Problem description: Make an exact copy of all the data, pictures excluded.
++++
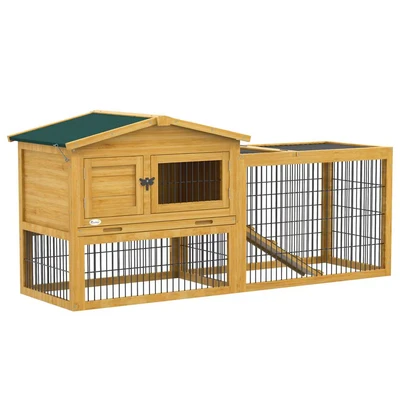 Image of PawHut Rabbit Hutch Outdoor, Wooden Guinea Pig with Run, Openable Roof, Pull Out Tray, Ramp for 1 2 Rabbits, 150 x 52.5 68 cm, Yellow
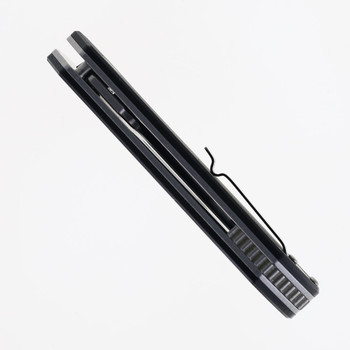 SixLeaf SL-38 Folding Knife Black G10 Handle M390 Plain Edge Stonewash Finish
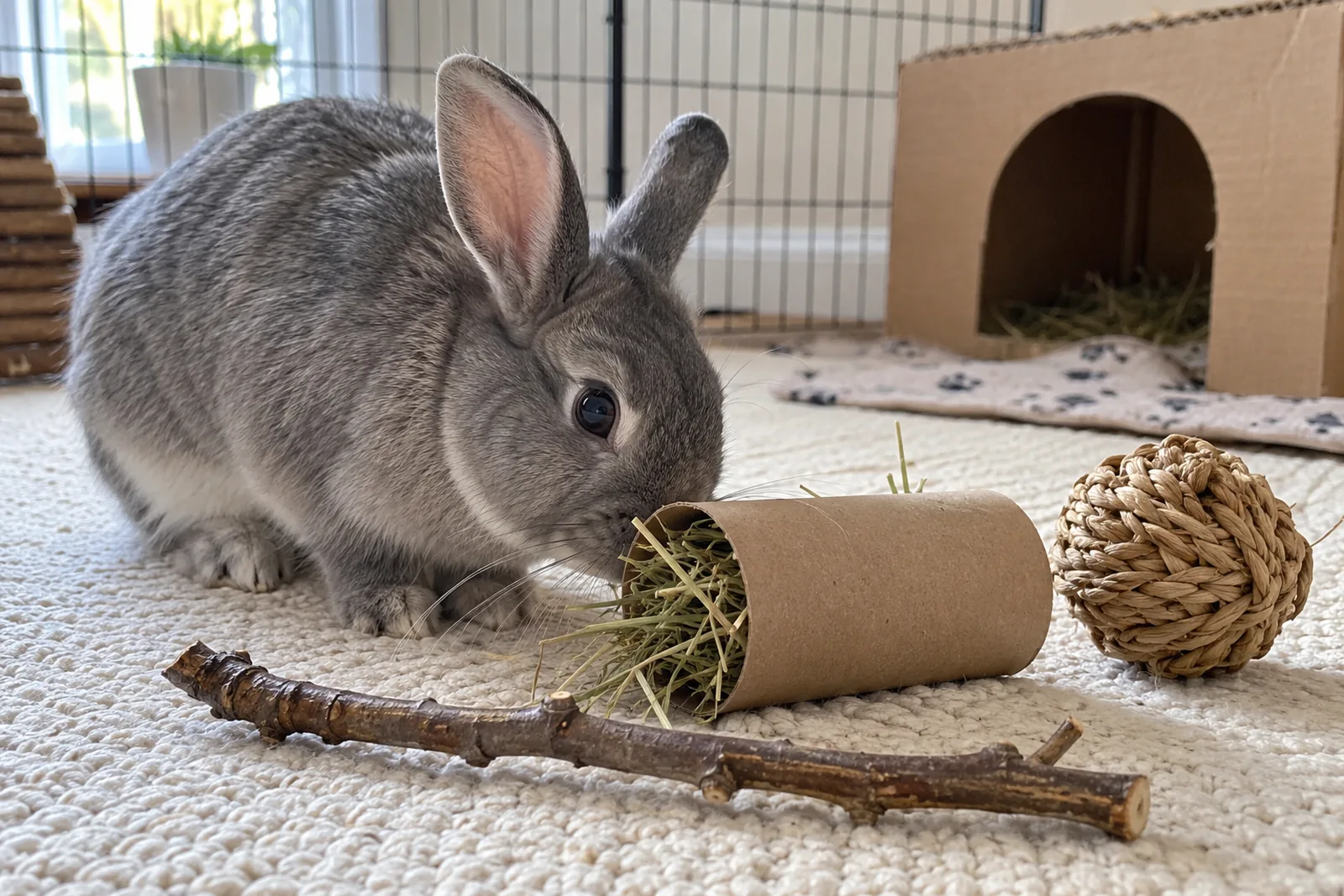 Grey rabbit investigating a plain hay-filled cardboard tube, untreated apple branch and seagrass ball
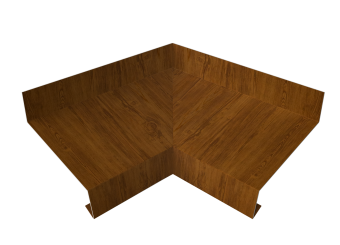 картинка Угол отлива внутренний 70 0,45 Print Elite с пленкой Golden Wood TwinColor Центр Кровли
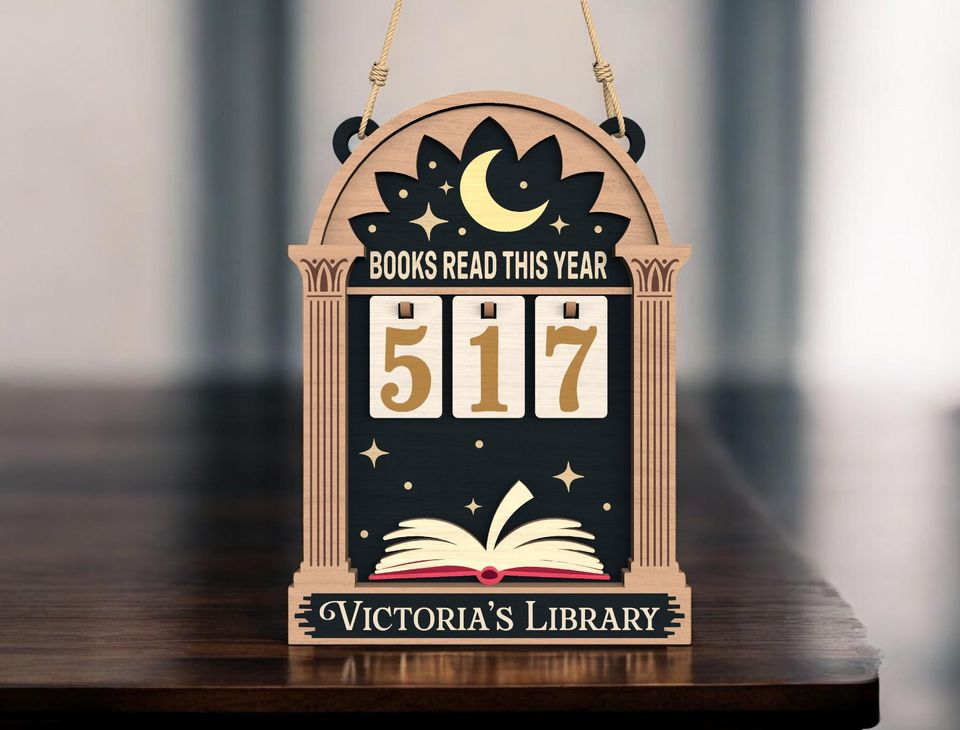 Hanging Reading Tracker Laser Cut File, Personalized Library Sign, Flip Number Book Counter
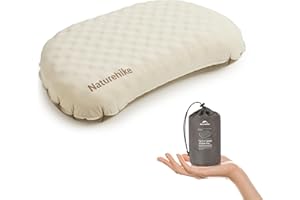 Naturehike Almohada inflable ultraligera de espuma para cama, cojín inflable, fuerza ajustable, ergonómico, fácil de limpiar, cojín de camping para viajes, senderismo, hogar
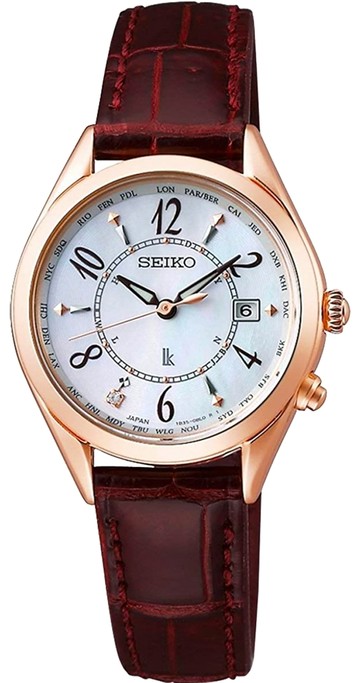 SEIKO 精工錶 LUKIA 系列 太陽能電波鈦金屬錶 1B35-0AA0U(SSQV078J)-28mm-白貝皮革【刷卡回饋 分期0利率】【APP下單點數13倍送】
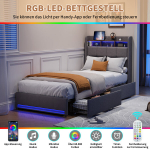 Lastevoodi, 90x200 cm, &uuml;heinimesevoodi, USB laadimispordi, LED-valgustuse ja 2 sahtliga, hall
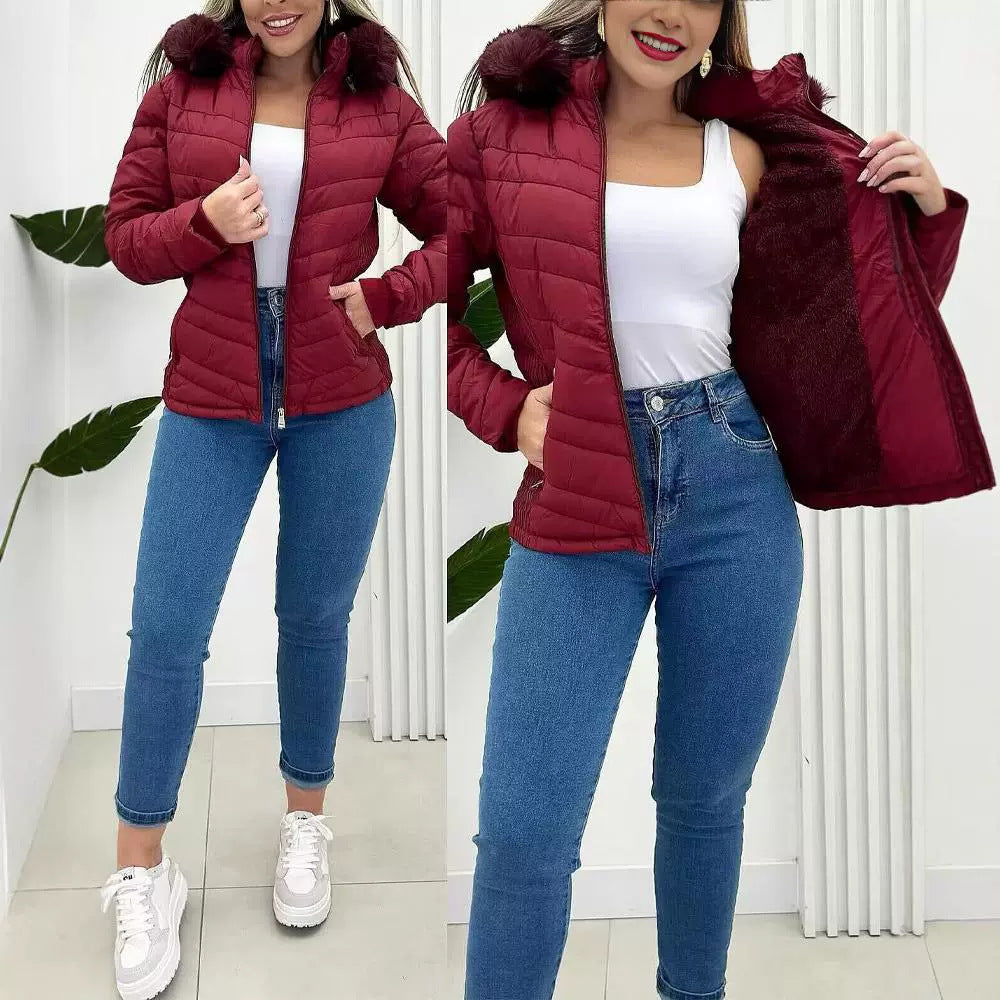 Color Waist Tight Hooded With Fur Blouses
++++
Problem solution:
 Image of PawHut Rabbit Hutch Outdoor, Wooden Guinea Pig with Run, Openable Roof, Pull Out Tray, Ramp for 1 2 Rabbits, 150 x 52.5 68 cm, Yellow
 SixLeaf SL-38 Folding Knife Black G10 Handle M390 Plain Edge Stonewash Finish
 Grey rabbit investigating a plain hay-filled cardboard tube, untreated apple branch and seagrass ball
 картинка Угол отлива внутренний 70 0,45 Print Elite с пленкой Golden Wood TwinColor Центр Кровли
 Hanging Reading Tracker Laser Cut File, Personalized Library Sign, Flip Number Book Counter
 Naturehike Almohada inflable ultraligera de espuma para cama, cojín inflable, fuerza ajustable, ergonómico, fácil de limpiar, cojín de camping para viajes, senderismo, hogar
 SEIKO 精工錶 LUKIA 系列 太陽能電波鈦金屬錶 1B35-0AA0U(SSQV078J)-28mm-白貝皮革【刷卡回饋 分期0利率】【APP下單點數13倍送】
 Lastevoodi, 90x200 cm, &uuml;heinimesevoodi, USB laadimispordi, LED-valgustuse ja 2 sahtliga, hall
 Color Waist Tight Hooded With Fur Blouses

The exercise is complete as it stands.